Financial illiteracy is worryingly widespread, among youngsters and older adults. A 2017 OECD study showed low scores among 15-year-olds when it came to basic financial questions. Similarly, a recent UK study from University College London and the University of Cambridge reveals large numbers of adults in England and Northern Ireland struggling with the basic mathematics of shopping.

Should you be concerned about this, and what are the implications for your employees’ retirement planning skills.

 

A Question of Responsibility

People have individual financial responsibilities, and must work out how to manage their own finances.

While financial responsibility rests on personal issues such as household budgeting and credit card use, it has implications for employers too.

The CIPD recognises this and is calling for more employers to engage with their staff over educating them in financial management.

This makes sense on several levels.

Firstly, if someone is in financial difficulty:

  • This may impact on their performance at work
  • They can feel distracted, or suffer from stress
  • This may lead to absenteeism or long-term sickness
  • It can affect productivity and workplace morale

 

Therefore, it is in the employer’s interest to help prevent these kinds of situations occurring.
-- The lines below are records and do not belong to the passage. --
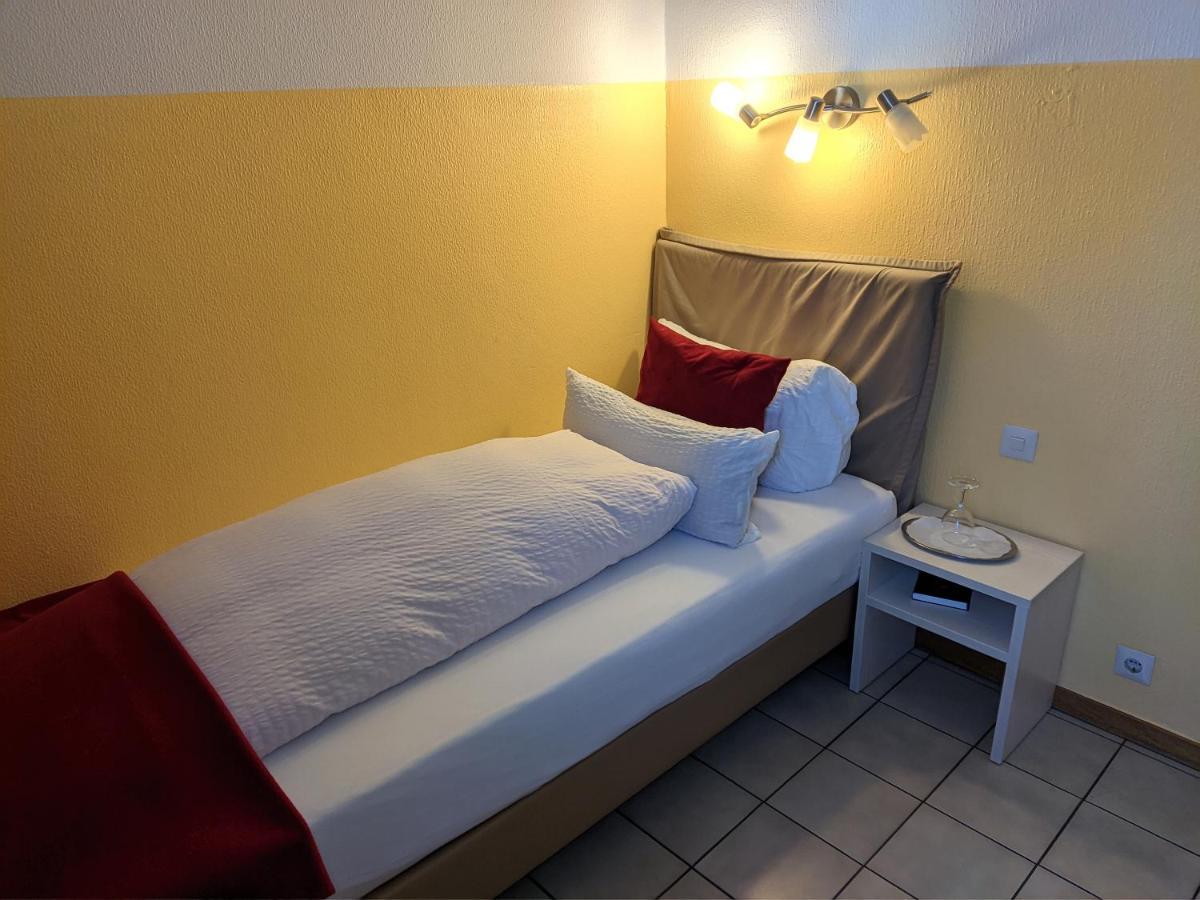 Hotel Rath Schwalmtal  ภายนอก รูปภาพ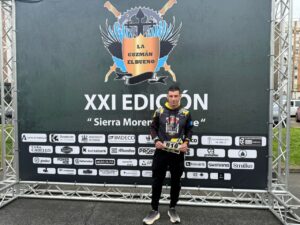 Ricardo López en la carrera Trail Guzmán el Bueno con dorsal 818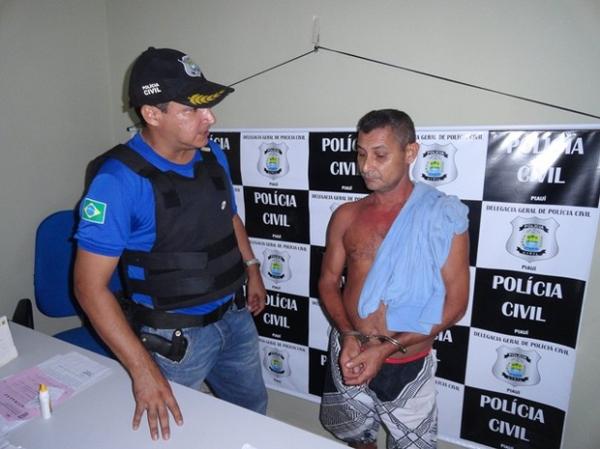 Mec&acirc;nico que embriagava e estuprava a pr&oacute;pria filha &eacute; preso em Jos&eacute; de Freitas.(Imagem:Francisco das Chagas)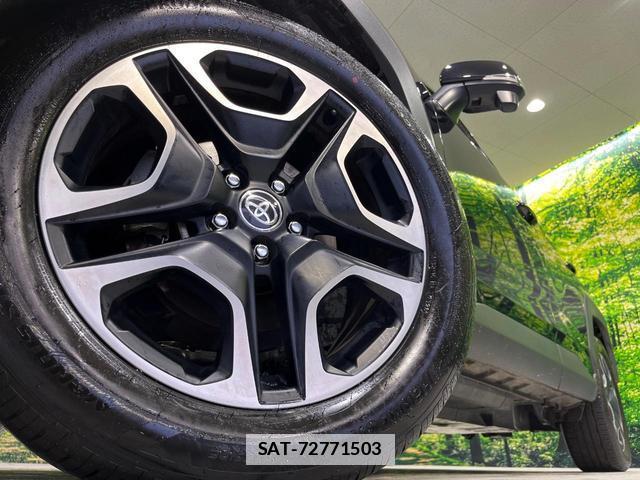 Toyota RAV4 2021-04 7934194-12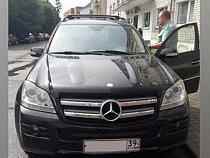 Должник порезал колеса своего «Мерседеса» на глазах у судебных приставов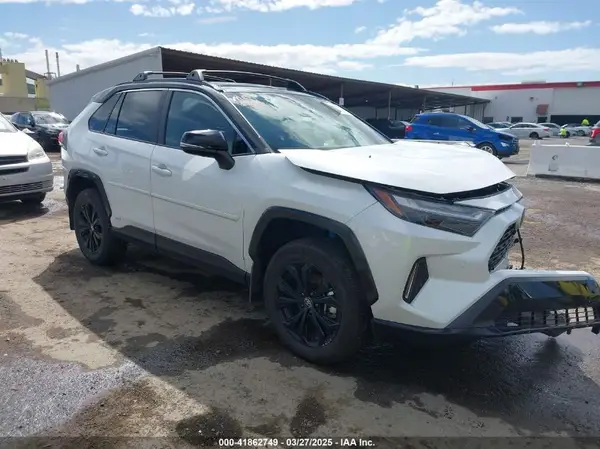 4T3E6RFV4SU176348 2025 TOYOTA RAV 4 - Image 1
Secondly, for increasing numbers of people, decisions about work are increasingly value-led. Employers who want to attract and retain talent must engage with their staff in ways that go beyond standard benefits. They need to show they care.

Supporting employees by educating them about managing finances and making important decisions about the future is demonstrating a level of investment in them as people.

 

What About Retirement Planning?

If large numbers of people are financially illiterate, can they make pension-related decisions that are in their best interests?

Many people have difficulties answering fundamental questions to do with inflation, compound interest, and risk, when it comes to their personal finances.

At the same time, there are large numbers of people who are inadequately prepared for retirement.

There is an association between this lack of preparedness and a lack of financial literacy.

Employers can take steps to do something about this by raising their employees’ awareness of retirement planning issues, in conjunction with improving their financial education through training

Yes, it matters if your employees are financially illiterate, but you can act now to change this.